Every line containing the word "Black" is to be copied from the data below.

Information ▸
****

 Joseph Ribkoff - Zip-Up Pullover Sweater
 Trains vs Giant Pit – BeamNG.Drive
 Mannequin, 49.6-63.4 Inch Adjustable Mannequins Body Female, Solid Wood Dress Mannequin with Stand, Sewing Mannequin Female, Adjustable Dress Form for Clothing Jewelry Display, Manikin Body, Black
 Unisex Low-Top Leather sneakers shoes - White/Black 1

****

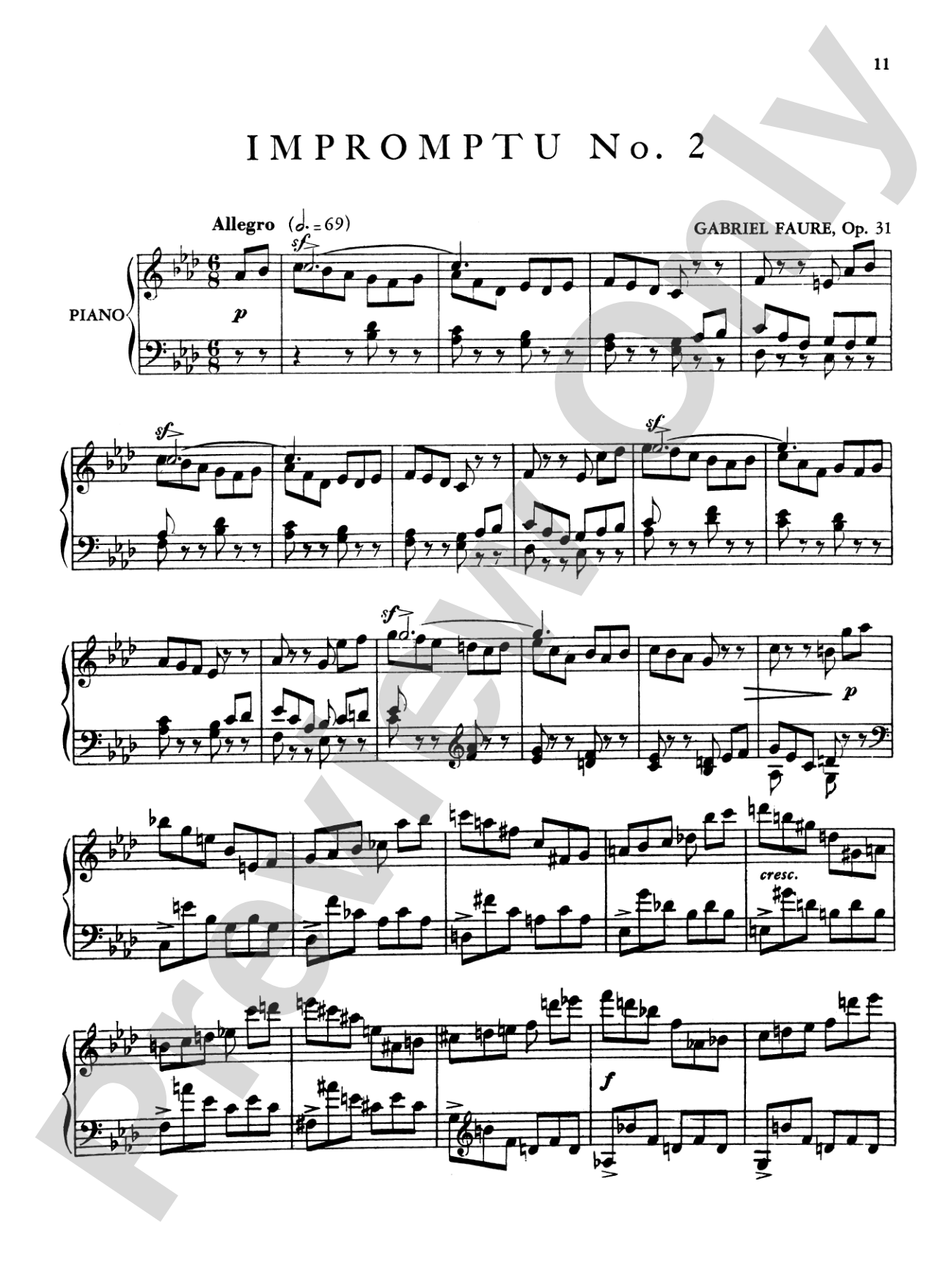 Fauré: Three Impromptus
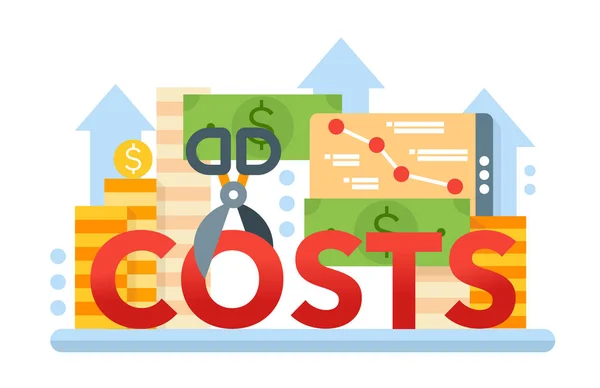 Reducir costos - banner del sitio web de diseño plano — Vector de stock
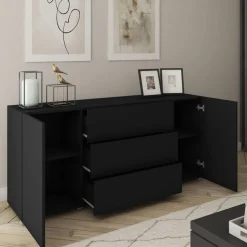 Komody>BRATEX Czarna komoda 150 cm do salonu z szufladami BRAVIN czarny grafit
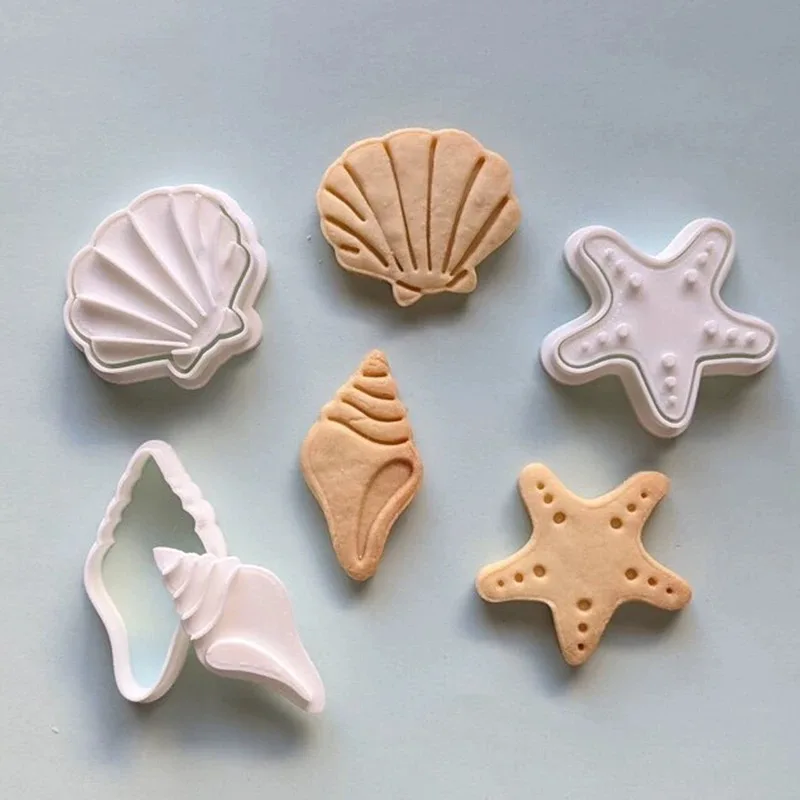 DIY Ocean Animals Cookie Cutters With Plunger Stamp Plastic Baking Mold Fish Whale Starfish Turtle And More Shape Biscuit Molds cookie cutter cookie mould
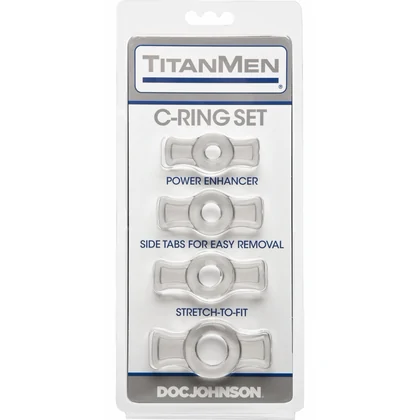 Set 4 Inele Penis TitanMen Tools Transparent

****

Response below ▸
 Mannequin, 49.6-63.4 Inch Adjustable Mannequins Body Female, Solid Wood Dress Mannequin with Stand, Sewing Mannequin Female, Adjustable Dress Form for Clothing Jewelry Display, Manikin Body, Black
 Unisex Low-Top Leather sneakers shoes - White/Black 1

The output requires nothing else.